The Cassiar Highway wildfire near the Yukon border has limited travel in the area.The Cassiar Highway wildfire near the Yukon border has limited travel in the area. (bcwildfire.ca)

The B.C. Forest Service says more than half the province is now at a moderate-to-high fire danger rating due to a return of hot summer weather.

After a week of relatively cool temperatures and rain across much of B.C., it hasn't taken long for forested areas to start to dry out again, according to fire information officer Alyson Crouch.

"At this point in time 56 per cent of the province is sitting at a moderate-to-high danger rating," Crouch told CBC News on Friday. "And there are pockets of extreme [dryness] that are continuing to expand particularly in the southwest, northwest and central-to-northern regions of the province."

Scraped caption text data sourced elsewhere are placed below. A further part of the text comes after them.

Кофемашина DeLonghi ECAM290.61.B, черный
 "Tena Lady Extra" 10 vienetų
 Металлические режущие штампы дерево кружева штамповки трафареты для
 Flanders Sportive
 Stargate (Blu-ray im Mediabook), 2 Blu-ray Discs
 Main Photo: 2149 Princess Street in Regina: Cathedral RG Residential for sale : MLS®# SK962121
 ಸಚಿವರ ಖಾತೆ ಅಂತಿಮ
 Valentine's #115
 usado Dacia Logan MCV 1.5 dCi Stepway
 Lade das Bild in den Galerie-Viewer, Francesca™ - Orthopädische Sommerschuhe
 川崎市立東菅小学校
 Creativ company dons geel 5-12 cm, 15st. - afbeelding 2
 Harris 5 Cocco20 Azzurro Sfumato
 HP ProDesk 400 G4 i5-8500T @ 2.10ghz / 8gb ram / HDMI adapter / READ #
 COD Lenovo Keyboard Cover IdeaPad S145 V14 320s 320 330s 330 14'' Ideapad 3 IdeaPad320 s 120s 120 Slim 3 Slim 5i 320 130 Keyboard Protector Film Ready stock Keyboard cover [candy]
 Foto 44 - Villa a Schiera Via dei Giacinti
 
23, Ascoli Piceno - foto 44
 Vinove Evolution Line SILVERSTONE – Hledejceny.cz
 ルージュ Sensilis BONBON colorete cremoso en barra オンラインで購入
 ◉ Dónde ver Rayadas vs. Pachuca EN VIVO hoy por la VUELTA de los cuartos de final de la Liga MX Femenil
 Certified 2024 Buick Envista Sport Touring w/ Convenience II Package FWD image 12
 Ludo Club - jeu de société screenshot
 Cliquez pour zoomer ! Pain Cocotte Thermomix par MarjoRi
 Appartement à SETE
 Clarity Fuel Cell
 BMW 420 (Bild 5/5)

Campfire bans remain in place across much of B.C. with the Coastal Fire Centre predicting it could be early September before the bans are lifted.

About 250 wildfires were burning across the province Friday night, but no evacuation orders or alerts were in effect.

Highway partly closed

Just south of the Yukon border, a fire that has been burning steadily near the Cassiar Highway has grown to 250 square kilometers.

The highway is open, but only in the morning and early afternoon.

Even then, cars are being escorted through the fire zone by Ministry of Transportation vehicles.

Coastal regions are also being warned about the return of winds flowing out from the Interior carrying smoke from some large fires west and north of Williams Lake, about 300 kilometres northeast of Vancouver.

Smoke from the fires last week drifted as far south as the Lower Mainland, even though the closest fire was hundreds of kilometres from the region.